• [Exercise aim]: Each of the entries should be retyped precisely as it appears.

* * * *

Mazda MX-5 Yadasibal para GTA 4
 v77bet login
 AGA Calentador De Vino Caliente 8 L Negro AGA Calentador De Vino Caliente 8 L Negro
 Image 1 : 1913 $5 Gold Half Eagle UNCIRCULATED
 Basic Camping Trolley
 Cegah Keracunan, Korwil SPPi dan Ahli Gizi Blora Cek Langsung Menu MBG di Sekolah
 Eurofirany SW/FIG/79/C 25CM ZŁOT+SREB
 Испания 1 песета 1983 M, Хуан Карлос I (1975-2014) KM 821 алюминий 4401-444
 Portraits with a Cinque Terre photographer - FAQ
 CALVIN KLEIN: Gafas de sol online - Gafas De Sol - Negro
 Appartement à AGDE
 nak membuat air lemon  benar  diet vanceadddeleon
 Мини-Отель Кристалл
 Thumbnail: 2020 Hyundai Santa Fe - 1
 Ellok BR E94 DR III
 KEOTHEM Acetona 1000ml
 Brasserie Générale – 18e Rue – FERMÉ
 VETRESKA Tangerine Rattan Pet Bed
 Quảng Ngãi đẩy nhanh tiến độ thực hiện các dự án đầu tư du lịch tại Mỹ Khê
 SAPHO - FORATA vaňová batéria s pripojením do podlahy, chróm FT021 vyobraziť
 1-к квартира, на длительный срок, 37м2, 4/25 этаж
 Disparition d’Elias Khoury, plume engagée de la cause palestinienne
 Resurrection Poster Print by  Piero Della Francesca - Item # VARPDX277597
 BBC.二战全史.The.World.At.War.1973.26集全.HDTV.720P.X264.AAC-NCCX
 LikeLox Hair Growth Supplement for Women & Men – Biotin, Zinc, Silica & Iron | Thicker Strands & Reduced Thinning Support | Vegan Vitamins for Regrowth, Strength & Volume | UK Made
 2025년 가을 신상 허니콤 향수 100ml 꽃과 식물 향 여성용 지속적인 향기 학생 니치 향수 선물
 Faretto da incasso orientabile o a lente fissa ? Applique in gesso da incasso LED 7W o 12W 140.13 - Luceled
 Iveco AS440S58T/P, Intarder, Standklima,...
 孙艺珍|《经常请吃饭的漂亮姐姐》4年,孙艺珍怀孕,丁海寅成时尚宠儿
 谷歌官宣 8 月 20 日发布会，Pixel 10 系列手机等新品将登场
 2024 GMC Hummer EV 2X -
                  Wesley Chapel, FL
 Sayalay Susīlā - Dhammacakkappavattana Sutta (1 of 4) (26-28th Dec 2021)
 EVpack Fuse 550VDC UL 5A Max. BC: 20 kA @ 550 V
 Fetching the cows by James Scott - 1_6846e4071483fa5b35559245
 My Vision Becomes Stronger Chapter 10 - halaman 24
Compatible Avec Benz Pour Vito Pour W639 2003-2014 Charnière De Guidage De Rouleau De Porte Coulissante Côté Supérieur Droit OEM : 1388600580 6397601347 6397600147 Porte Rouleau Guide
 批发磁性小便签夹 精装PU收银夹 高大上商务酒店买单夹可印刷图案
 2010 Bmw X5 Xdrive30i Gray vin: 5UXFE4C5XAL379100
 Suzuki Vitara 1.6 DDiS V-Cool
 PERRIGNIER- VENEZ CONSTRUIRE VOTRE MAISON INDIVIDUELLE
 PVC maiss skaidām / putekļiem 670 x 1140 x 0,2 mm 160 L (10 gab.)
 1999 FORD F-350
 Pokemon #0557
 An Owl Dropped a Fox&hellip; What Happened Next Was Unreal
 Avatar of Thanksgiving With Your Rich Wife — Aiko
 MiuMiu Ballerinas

* * * *

• [Solution for this problem]:
Mazda MX-5 Yadasibal para GTA 4
 v77bet login
 AGA Calentador De Vino Caliente 8 L Negro AGA Calentador De Vino Caliente 8 L Negro
 Image 1 : 1913 $5 Gold Half Eagle UNCIRCULATED
 Basic Camping Trolley
 Cegah Keracunan, Korwil SPPi dan Ahli Gizi Blora Cek Langsung Menu MBG di Sekolah
 Eurofirany SW/FIG/79/C 25CM ZŁOT+SREB
 Испания 1 песета 1983 M, Хуан Карлос I (1975-2014) KM 821 алюминий 4401-444
 Portraits with a Cinque Terre photographer - FAQ
 CALVIN KLEIN: Gafas de sol online - Gafas De Sol - Negro
 Appartement à AGDE
 nak membuat air lemon  benar  diet vanceadddeleon
 Мини-Отель Кристалл
 Thumbnail: 2020 Hyundai Santa Fe - 1
 Ellok BR E94 DR III
 KEOTHEM Acetona 1000ml
 Brasserie Générale – 18e Rue – FERMÉ
 VETRESKA Tangerine Rattan Pet Bed
 Quảng Ngãi đẩy nhanh tiến độ thực hiện các dự án đầu tư du lịch tại Mỹ Khê
 SAPHO - FORATA vaňová batéria s pripojením do podlahy, chróm FT021 vyobraziť
 1-к квартира, на длительный срок, 37м2, 4/25 этаж
 Disparition d’Elias Khoury, plume engagée de la cause palestinienne
 Resurrection Poster Print by  Piero Della Francesca - Item # VARPDX277597
 BBC.二战全史.The.World.At.War.1973.26集全.HDTV.720P.X264.AAC-NCCX
 LikeLox Hair Growth Supplement for Women & Men – Biotin, Zinc, Silica & Iron | Thicker Strands & Reduced Thinning Support | Vegan Vitamins for Regrowth, Strength & Volume | UK Made
 2025년 가을 신상 허니콤 향수 100ml 꽃과 식물 향 여성용 지속적인 향기 학생 니치 향수 선물
 Faretto da incasso orientabile o a lente fissa ? Applique in gesso da incasso LED 7W o 12W 140.13 - Luceled
 Iveco AS440S58T/P, Intarder, Standklima,...
 孙艺珍|《经常请吃饭的漂亮姐姐》4年,孙艺珍怀孕,丁海寅成时尚宠儿
 谷歌官宣 8 月 20 日发布会，Pixel 10 系列手机等新品将登场
 2024 GMC Hummer EV 2X -
                  Wesley Chapel, FL
 Sayalay Susīlā - Dhammacakkappavattana Sutta (1 of 4) (26-28th Dec 2021)
 EVpack Fuse 550VDC UL 5A Max. BC: 20 kA @ 550 V
 Fetching the cows by James Scott - 1_6846e4071483fa5b35559245
 My Vision Becomes Stronger Chapter 10 - halaman 24
Compatible Avec Benz Pour Vito Pour W639 2003-2014 Charnière De Guidage De Rouleau De Porte Coulissante Côté Supérieur Droit OEM : 1388600580 6397601347 6397600147 Porte Rouleau Guide
 批发磁性小便签夹 精装PU收银夹 高大上商务酒店买单夹可印刷图案
 2010 Bmw X5 Xdrive30i Gray vin: 5UXFE4C5XAL379100
 Suzuki Vitara 1.6 DDiS V-Cool
 PERRIGNIER- VENEZ CONSTRUIRE VOTRE MAISON INDIVIDUELLE
 PVC maiss skaidām / putekļiem 670 x 1140 x 0,2 mm 160 L (10 gab.)
 1999 FORD F-350
 Pokemon #0557
 An Owl Dropped a Fox&hellip; What Happened Next Was Unreal
 Avatar of Thanksgiving With Your Rich Wife — Aiko
 MiuMiu Ballerinas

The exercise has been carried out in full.